My passion for playing music serves as a gravitational force that has allowed me to orbit around my tune-loving friends, as well as my folk singer uncles. And while I am among my peers in the former group, I am without a doubt the youngest character when I hang out with the latter. A few weeks back, I was with the uncles, which means I had the added role of being the group’s drayber. An old friend of theirs was in town, and a bonfire had been organized as a welcome. Ever-ready with their elder-related reasons like “Baka makatuglep ak gamin,” or “Haan ko makita dalan,” I grabbed the keys and drove all of us to the house on the hill where the anido would begin.

Call it a chore, but I enjoy the drudgery of driving these uncles – even if they do fall asleep five minutes into a trip, harmonizing my road trip playlist with their snores. (They are folk singers after all.) I figure it’s my way of giving back to them for the wisdom they impart, and the fact that as elder uncles, they deserve the pampering of having a driver, regardless of how poor my driving may be. Also, there’s a small part of me that flashes back to the days of my childhood, standing beside the grown-ups table and watching a game of pusoy unfold while having no clue why this auntie beat that uncle, but how this other uncle beat both their hands. I figure I was in it more for the odd anecdotes and the epic jokes they shared during their intermissions than I was about the card game.
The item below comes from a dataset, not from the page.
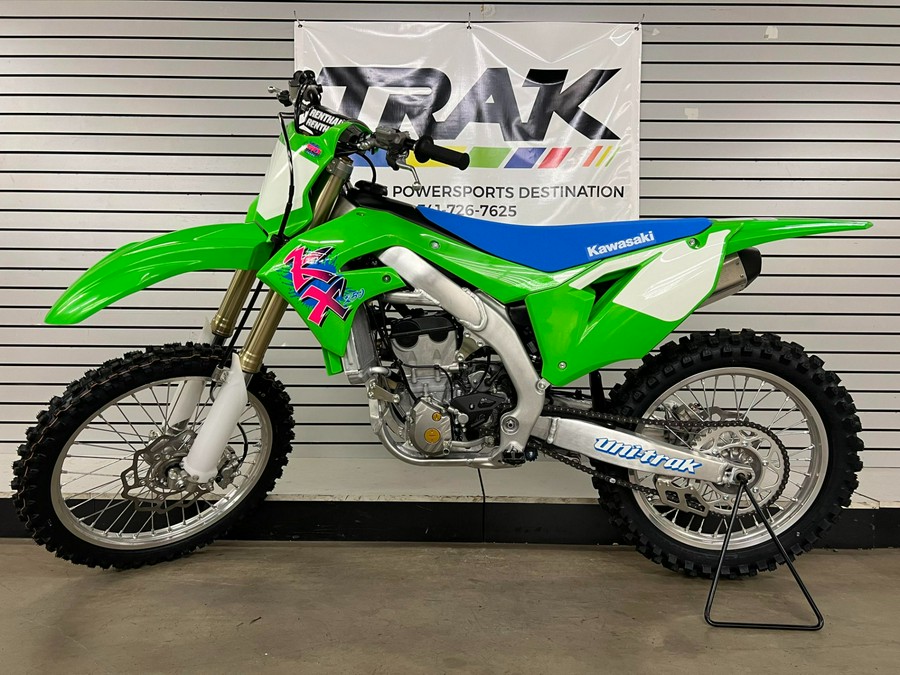 2024 Kawasaki KX 250 50th Anniversary Edition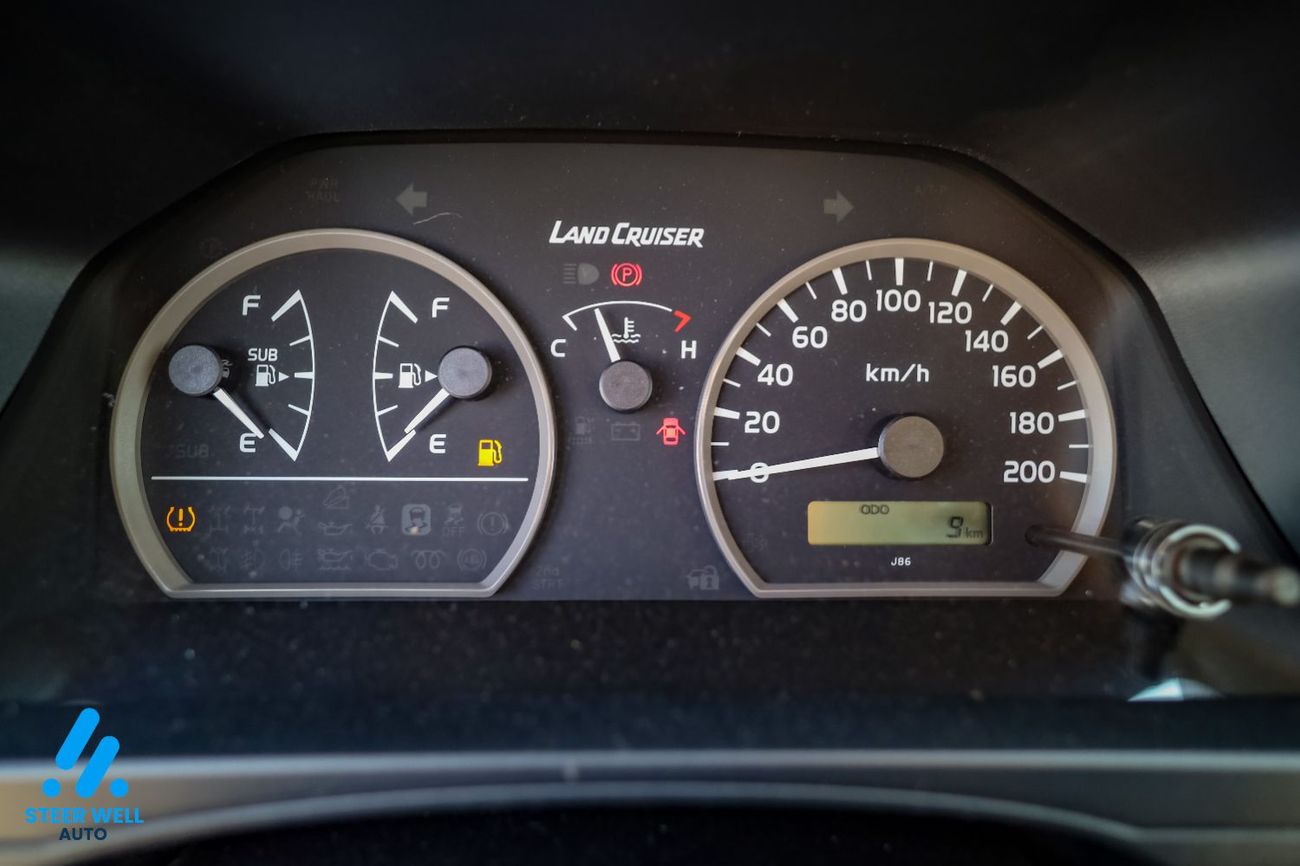 2025 Toyota Land Cruiser 78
It felt like getting a sneak peek into a world much larger than what my six-year-old mind could fathom.

Fast forward two decades later and the feeling remains.
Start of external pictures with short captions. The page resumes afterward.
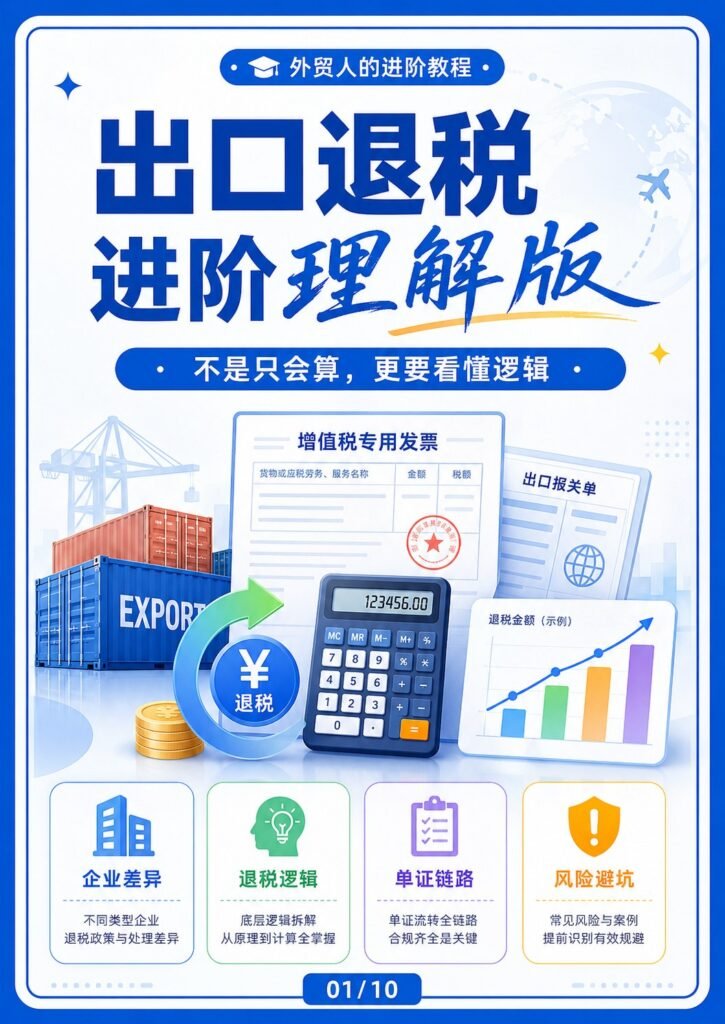 出口退税进阶理解版 - 出口退税进阶理解版：第 1 张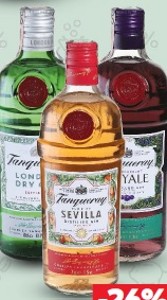 Tanqueray Gin alk.
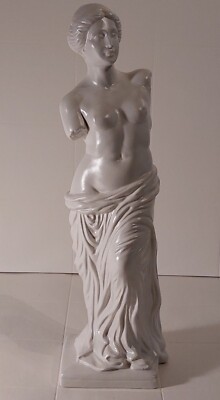 Keramik Skulptur Venus von Milo   Aphrodite Göttin   Figur 40 cm   klassisch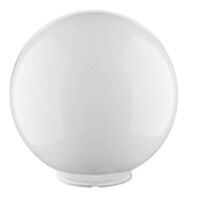 Globe Opal Ø40cm - Bouche 18cm Bl.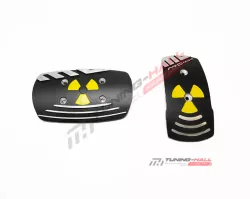 Накладки на педали MOMO Atomic АКПП
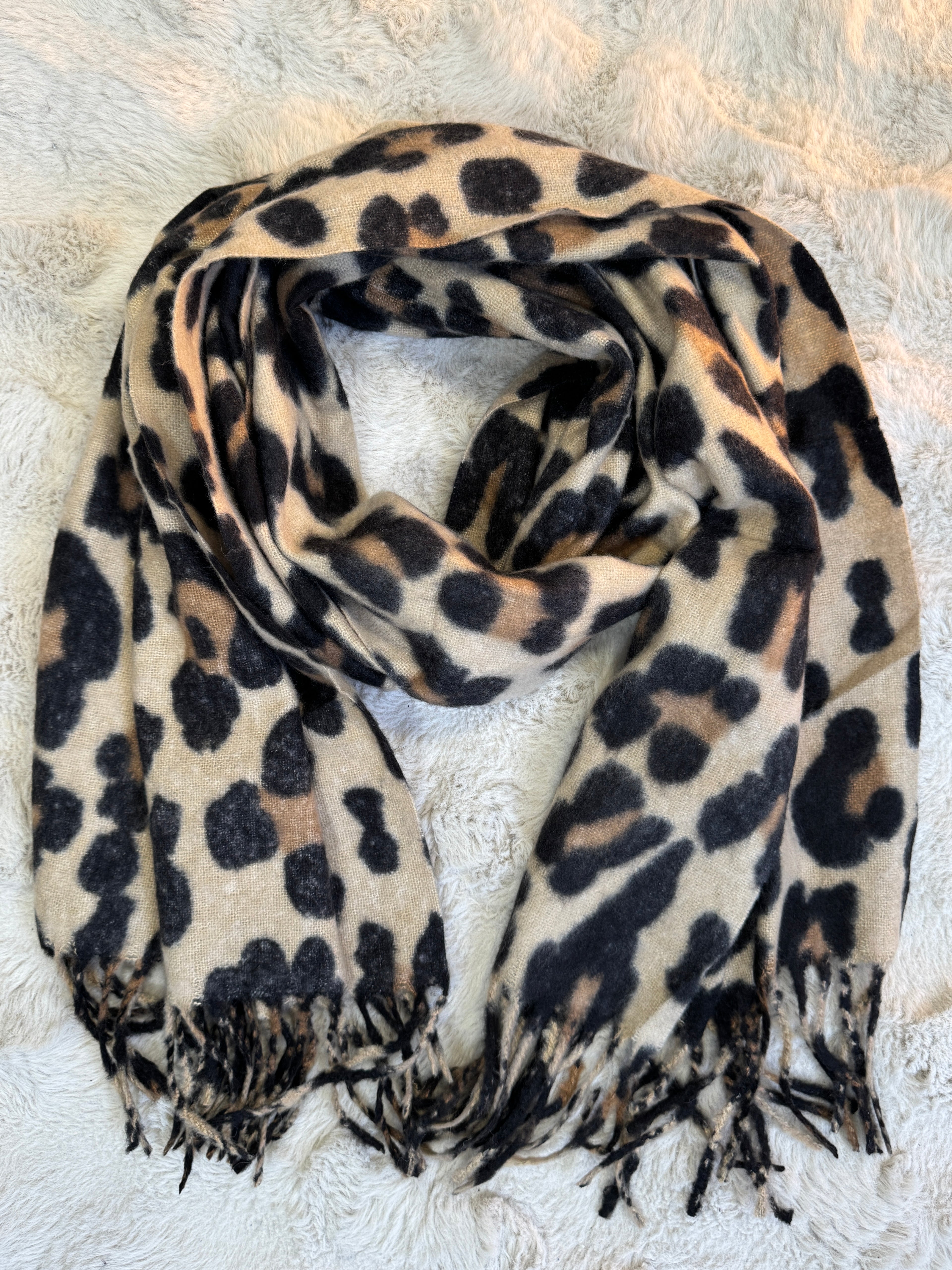 Écharpe Grand Léopard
As I sat staring into the anido, the wind began to blow chilly as it did in the ber months. I pulled myself as close as possible to the fire, crossing my arms and staring into the dancing flames. The uncles around me reminisced merrily, laughing in the revelry as Neil Young’s song “Old Man” started playing through the speaker in the background.

“Old man look at my life, I’m a lot like you were.”

It’s the first week of high school, and I am sitting in a Baguio City High classroom. Apart from the vacant armchairs, it is empty. The rest of the class had just been dismissed from PE held outside in one of the fields, and I am the first one back. The glow of the afternoon sunshine pours in through the open door and in the silence, I feel a calm spell come over my first-week jitters. I tell myself to remember this moment, to consciously store it in my long-term memory. Maybe I’m trying to test my retention, or perhaps I’m trying to hold on to the sense of calm the scene invoked. Miraculously, my brain cooperates, and I never forget it.

A crack from the firewood shifting wakes me up from my dreaming as the uncles have now shifted their tales to that of Baguio in the ‘70s and ‘80s. Anidos have a way of drawing out the deepest of memories. It could be the cozy warmth of the flame – or the red wine that usually accompanies a bonfire session. Words like “fireplace” and “Gingerbread” floated through the cold night air, as I listened to their stories about a city dear to me, earlier than my earliest recollections of it. I watch as they tried their best to remember names and faces, scenes and memories from a history they all shared.

“Old man look at my life, I'm a lot like you were.” Neil Young repeats as the song fades away to an end. A calm, easy silence falls upon us, punctuated only by fire’s crackles.

I tell my brain to remember this moment, sitting among these uncles. Maybe I’m trying to hold on to the sense of calm, or perhaps so that when my turn comes to become an old man, I’ll have this tale to share as well.

I stretch my legs and look up at the stars. It is said that what we see now in the present are how the stars looked millions of light-years ago.

Ain’t it strange how we still see them glow.